Both eliminate the frozen reference model. ORPO fuses SFT (cross-entropy on the chosen response) with an odds-ratio penalty (push the rejected response's relative odds down) in one loss. SimPO drops πref by length-normalizing the policy log-prob and adding a margin: L = −log σ( β/|yw| · log π(yw) − β/|yl| · log π(yl) − γ ). Both save the memory of holding πref in GPU RAM — which matters when you're already tight on VRAM at 70B+ scale.

When DPO & family beat PPO, and when they don't

Pick DPO/IPO/KTO/ORPO/SimPO if…Pick PPO (lesson 15) if…
You already have a fixed preference dataset and won't re-sample. You can run rollouts during training and want fresh data.
Compute is tight (no RM, no rollout infra). You can afford 4× model copies + rollout engine + RM serving.
The reachable optimum lies inside the data distribution. The good responses don't exist in your preference set; you need to discover them.
You want a reproducible, debuggable supervised-style loss.
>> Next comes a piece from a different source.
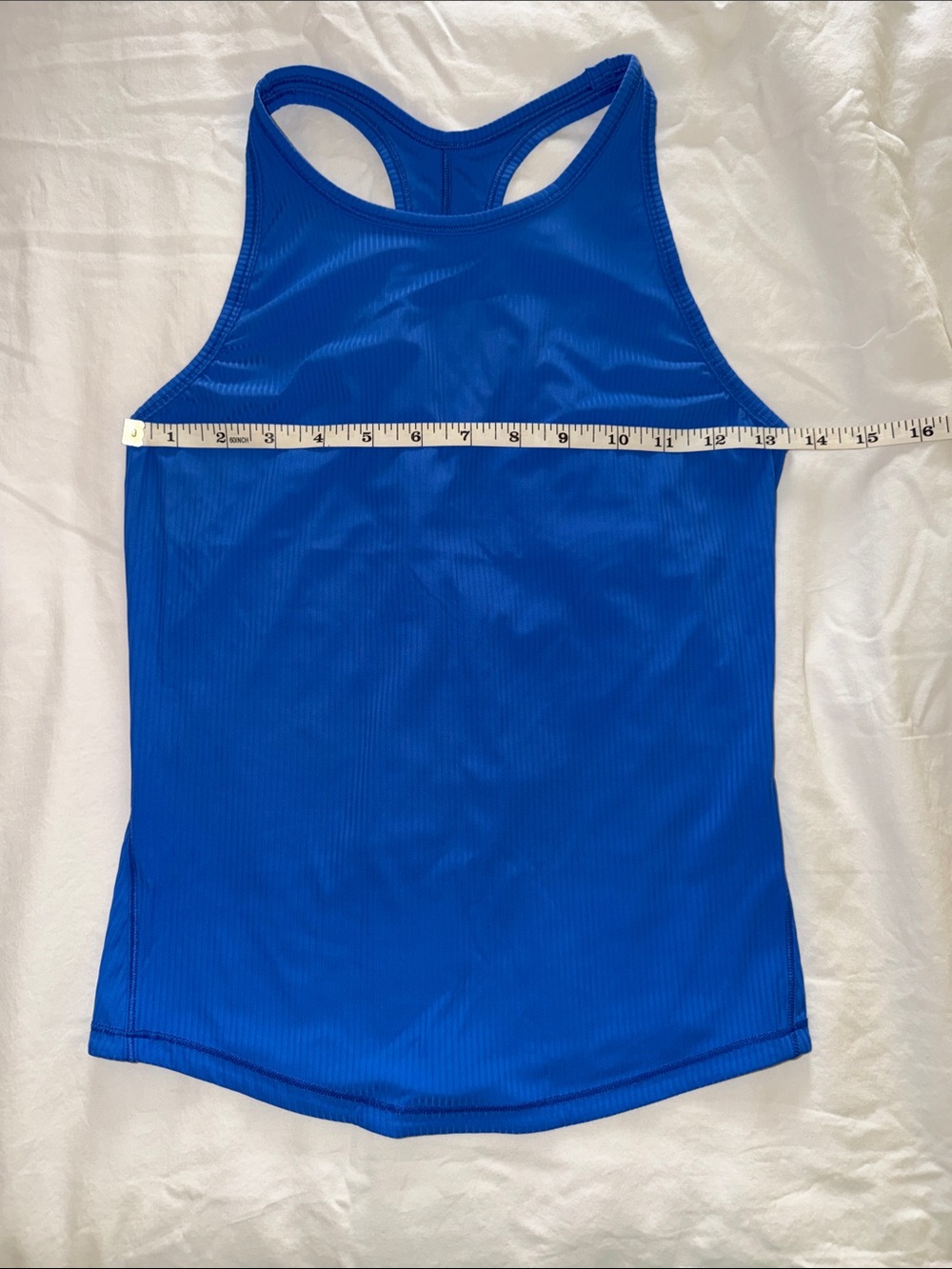 Lululemon Racerback Tank Top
You're willing to debug a multi-component training loop.
Your task is style, tone, formatting, helpfulness. Your task is reasoning, math, code with a verifier (then use GRPO/DAPO instead).
A common surprise in practice
Teams often try DPO first because it's cheap, get a 60–70% solution, then hit a ceiling: the model has learned to imitate the chosen-vs-rejected distinction, but the absolute response quality plateaus. The fix is usually one of (a) iterative DPO — re-collect preference pairs from the new model and repeat, (b) switch to IPO to avoid the overconfidence trap, or (c) bite the bullet on a PPO/GRPO setup. Every frontier-lab post-training pipeline ends with at least one on-policy RL stage.
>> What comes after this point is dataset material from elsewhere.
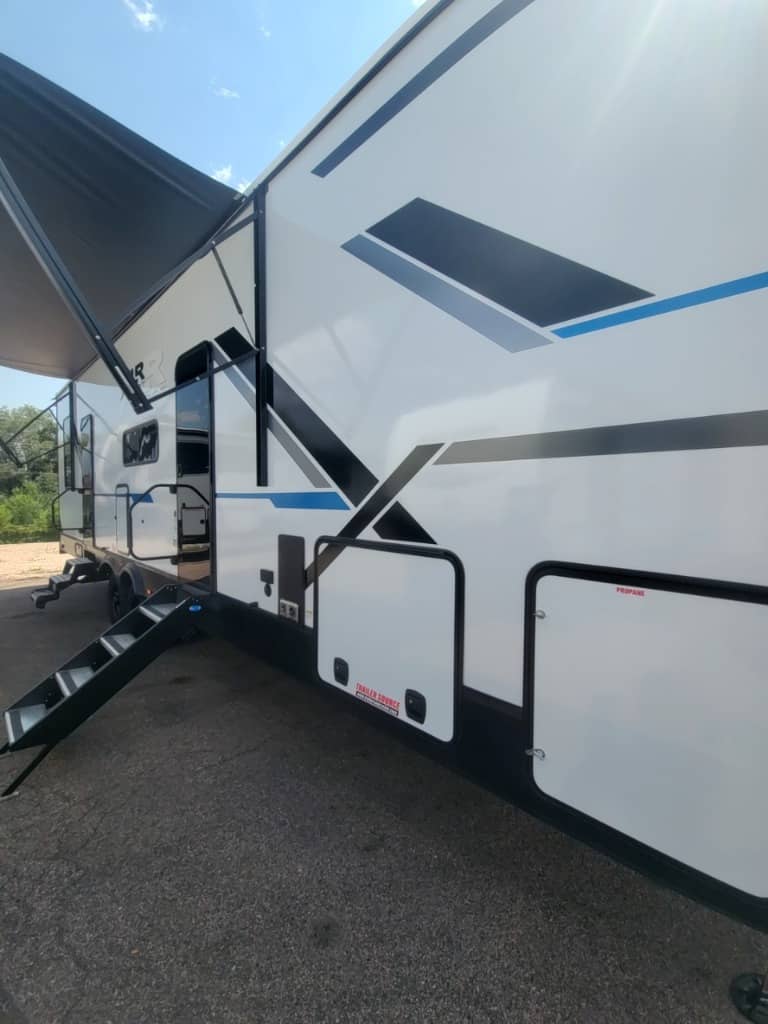 2026 Forest River 2026 Forest River Xlr Boost X Toy Hauler - thumbnail 11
Why this matters for reasoning RL

The reasoning-RL algorithms in Part II (GRPO, RLOO, DAPO, Dr.GRPO) are all on-policy like PPO. DPO and friends are an alternative track that works well when (1) the reward signal is a human preference, not a verifier, and (2) you have or can synthesize lots of static preference pairs. In modern post-training pipelines you often see DPO used between RL stages — for example, R1's final stage mixes RLVR-on-reasoning with DPO-on-helpfulness data. The two families are complementary, not competitive.

Takeaway
DPO is RLHF with the reward model folded into the policy and the on-policy sampling deleted. You save infrastructure but lose exploration. The IPO/KTO/ORPO/SimPO variants are small perturbations on the same idea, each trading away a different RLHF assumption.